In order to complete the sale, a “notice of sale” must be published once a week for two consecutive weeks in a local paper of general circulation no less than 20 days before the date set for sale. See 45.031. The association usually provides the court clerk with a notice of sale. The clerk files the notice and, if asked to, usually forwards the notice to a paper of general circulation for publication. The association’s lawyer should request the publisher to provide an affidavit of publication setting forth the text of the notice as published and the basis for the determination that the publication is one of general circulation.

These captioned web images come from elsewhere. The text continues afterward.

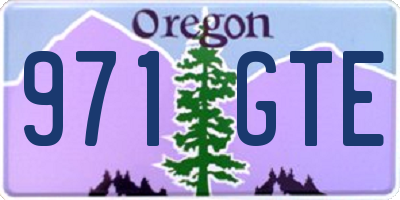 OR license plate 971GTE
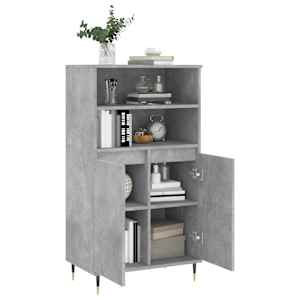 Skříň highboard betonově šedá 60 x 36 x 110 cm kompozitní dřevo - obrázek 4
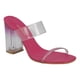 thumbnail image 1 of Zapatilla Mujer Casual Capa de Ozono Transparencia Tacones Rosa 22, 1 of 4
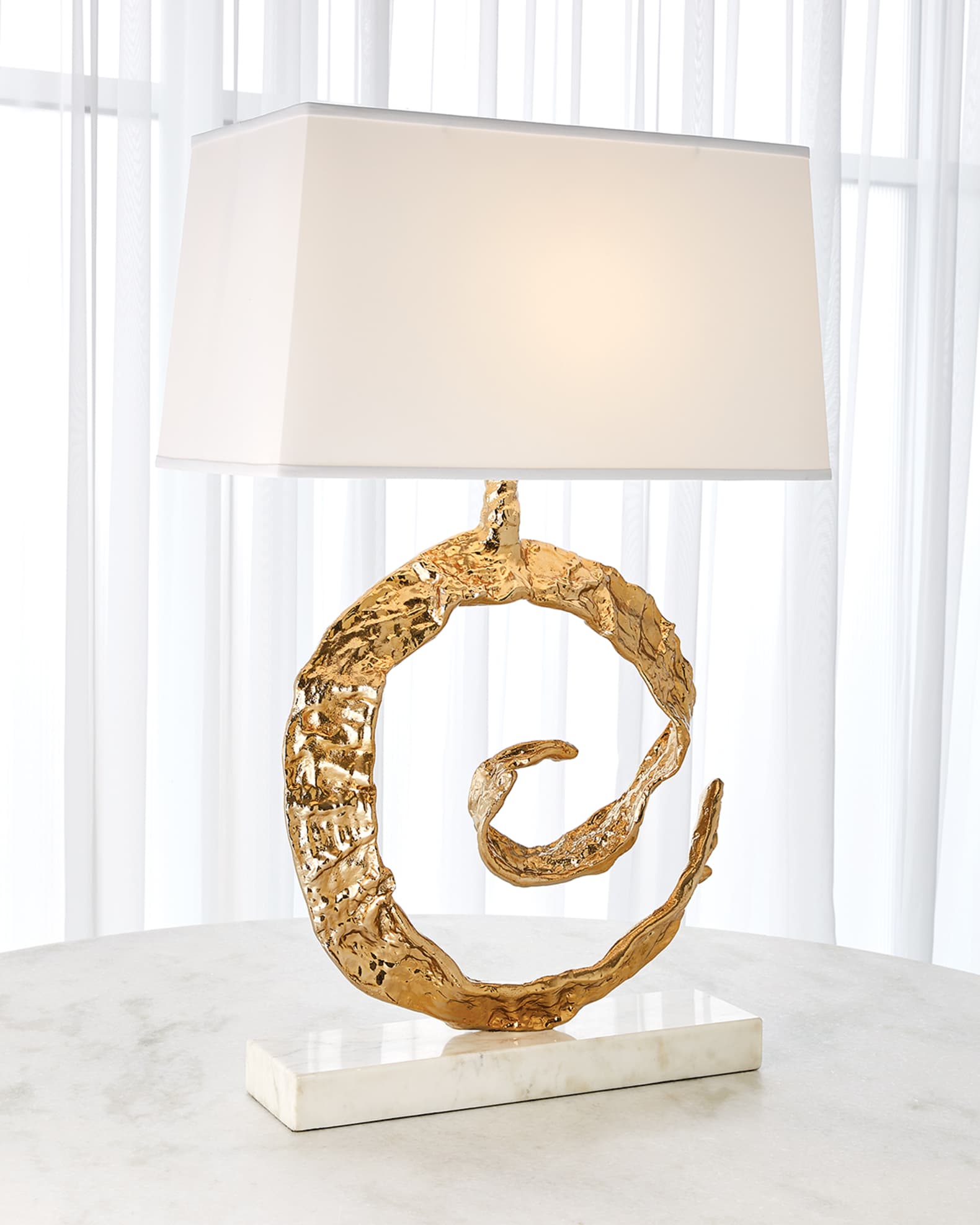 Global Views Swirl Lamp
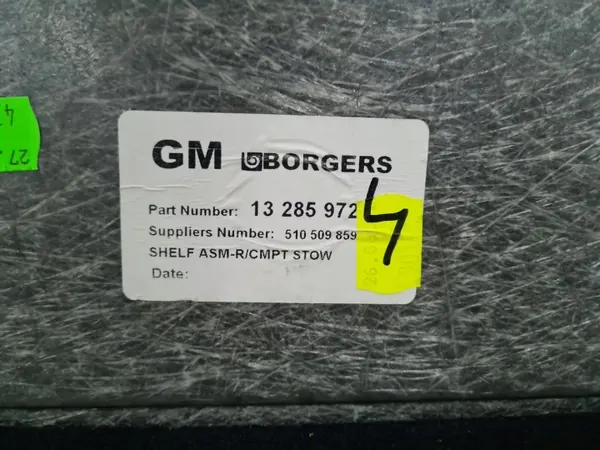 OEM 13285972 Tapis de Plancher de Coffre Opel Meriva B image 5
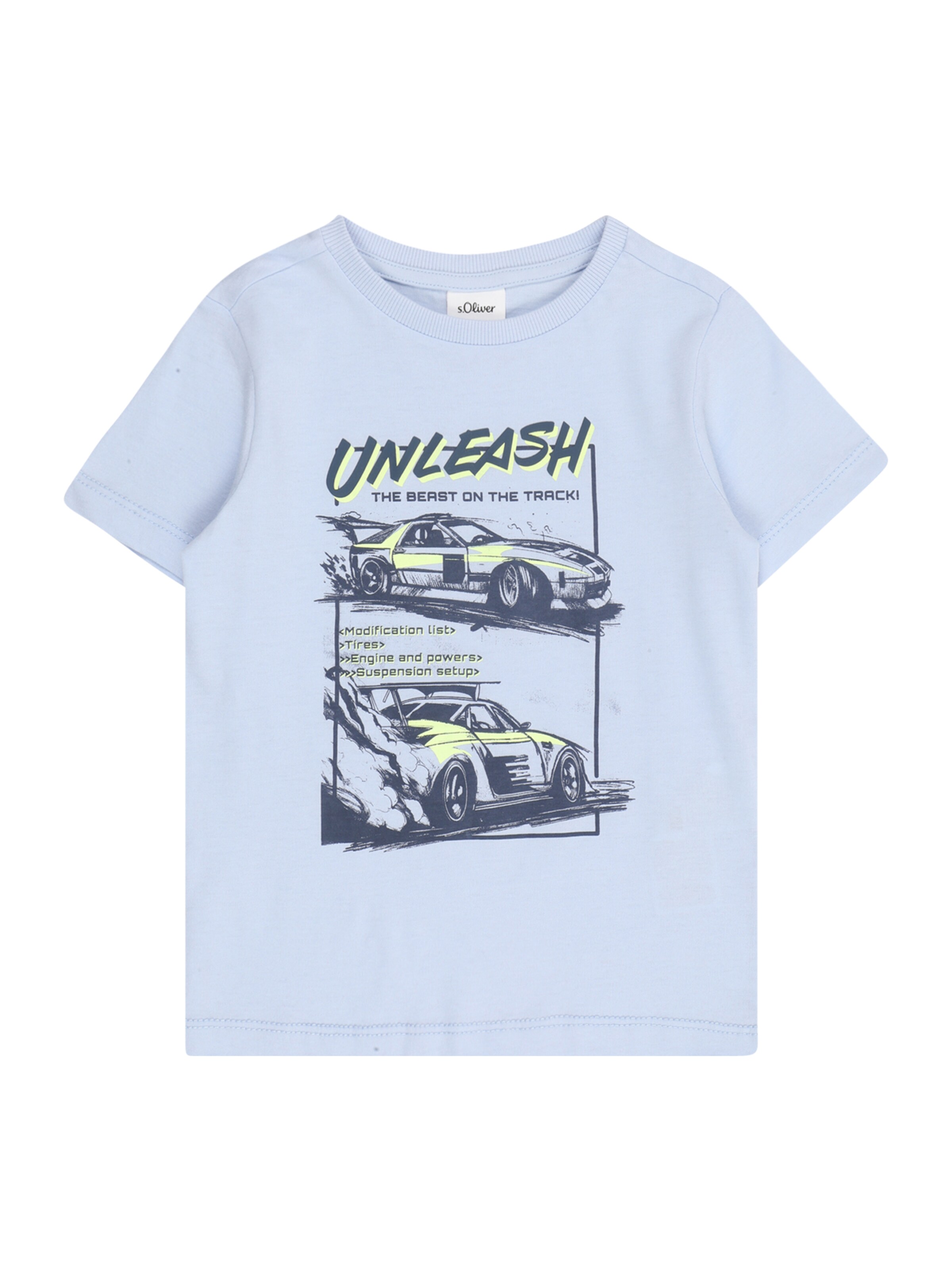 zils s.Oliver T-Krekls: no priekšpuses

The court clerk conducts a public auction as stated in the order and notice. Some locations have the sale conducted online. Whether the sale occurs at a physical location or by electronic sale, the plaintiff is entitled to attend the auction and make the first bid. If the association utilizes an agent to do the bidding, the agent must know the location of the auction and understand the association’s bidding instructions. See United Companies Lending Corp. v. Abercrombie, 713 So.2d 1017 (Fla. 2d DCA 1998). If authorized by the judgment, the plaintiff may receive bidding credits equal to the judgment amount, together with post-judgment costs and attorneys’ fees. Generally, the minimum bid is $100.

A certificate of sale is issued promptly after the sale to all parties who have not defaulted. F.S. 45.031(3). The high bidder is entitled to a certificate of title if the owner does not pay the money due within the redemption period. To obtain possession, an association may have to evict the occupants through enforcement of a writ of possession.